Harrison Golson serves as Senior Vice President of Engineering at Ripple Fiber, where he leads engineering and construction initiatives supporting the company’s expanding fiber broadband network. With more than 15 years of experience in telecommunications construction, engineering design, and OSP deployment, he specializes in project execution, permitting strategy, and large-scale infrastructure management.
Prior to Ripple Fiber, Golson held leadership roles with AT&T and UC Synergetics, managing complex construction projects across multiple states. Known for his collaborative leadership style and operational expertise, he has built a reputation for delivering high- quality network deployments efficiently and to scale.

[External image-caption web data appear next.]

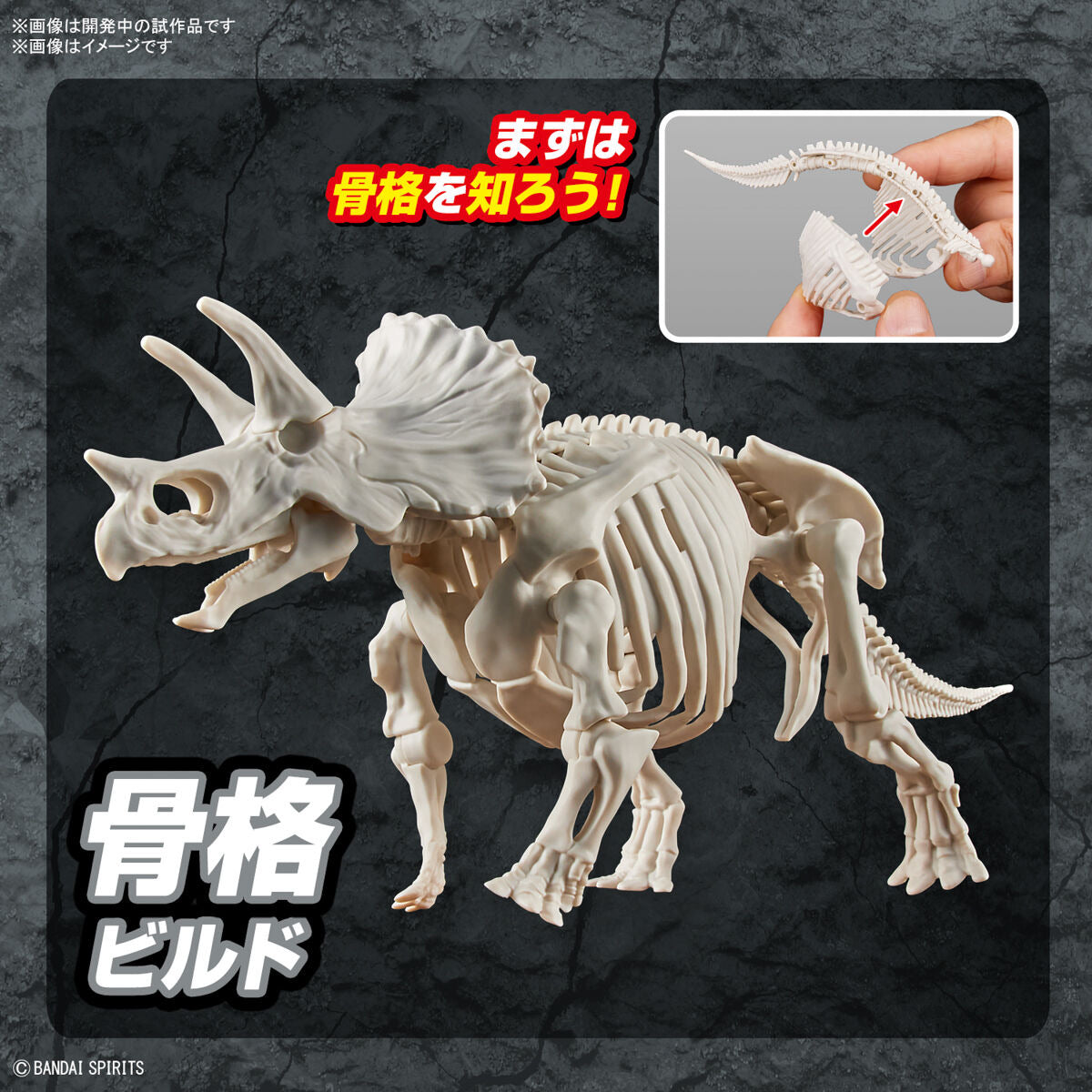 ﾌﾟﾗﾉｻｳﾙｽ02 ﾄﾘｹﾗﾄﾌﾟｽ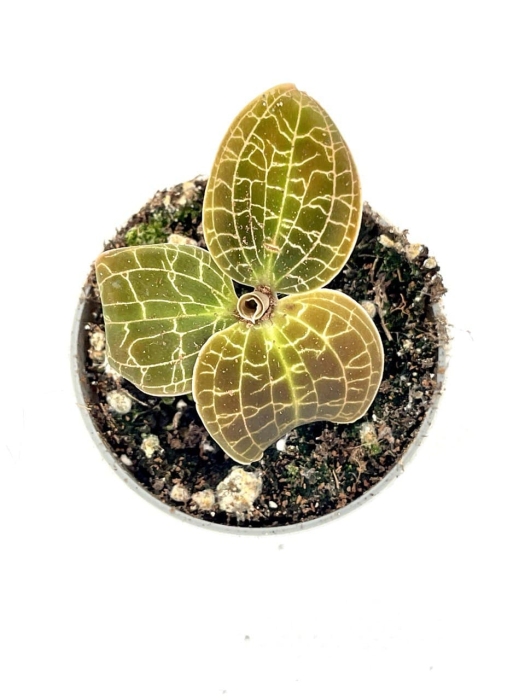 Macodes Lowii - M
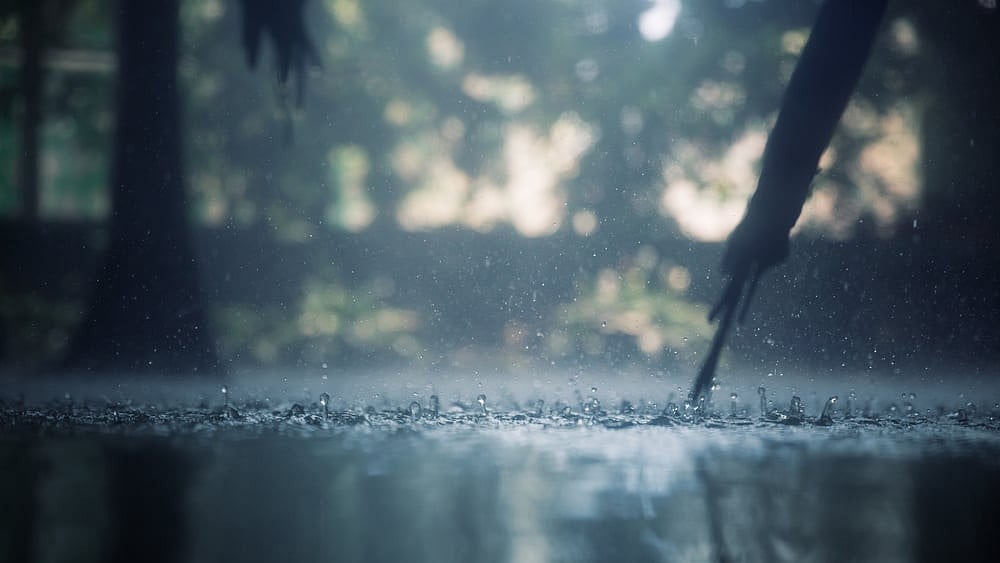 IMD Forecasts Heavy Rain in Parts of Jharkhand Till July 1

As private and BEAD-funded fiber deployments mature and the most accessible passings are exhausted, operators are entering a more complex phase of growth marked by higher costs, lower density, increased competition, and constrained municipal review capacity. In this environment, local government engagement is no longer a transactional permitting step but rather a critical driver of project alignment, deployment speed, and cost efficiency. Early, proactive collaboration with municipal stakeholders can streamline approval processes, reduce rework, and materially lower cost per passing. Leading operators are shifting toward integrated engagement models that align early on design standards, construction expectations, and community priorities thus accelerating timelines and unlocking more efficient deployment pathways. This panel will examine how fiber builders and municipalities can further enable growth by identifying anchor institution demand, supporting targeted infill strategies, and advancing public-private partnerships that extend network reach while improving overall economics. By connecting government affairs, network planning, and go-to-market strategy, the discussion will highlight how strong municipal alignment reduces regulatory friction, improves asset utilization, and lowers customer acquisition costs — particularly in overbuilt and harder-to-serve markets. Attendees will gain a practical framework for transforming local government relationships into a durable strategic advantage driving faster approvals, lowering deployment costs, and extending network value well beyond the initial build.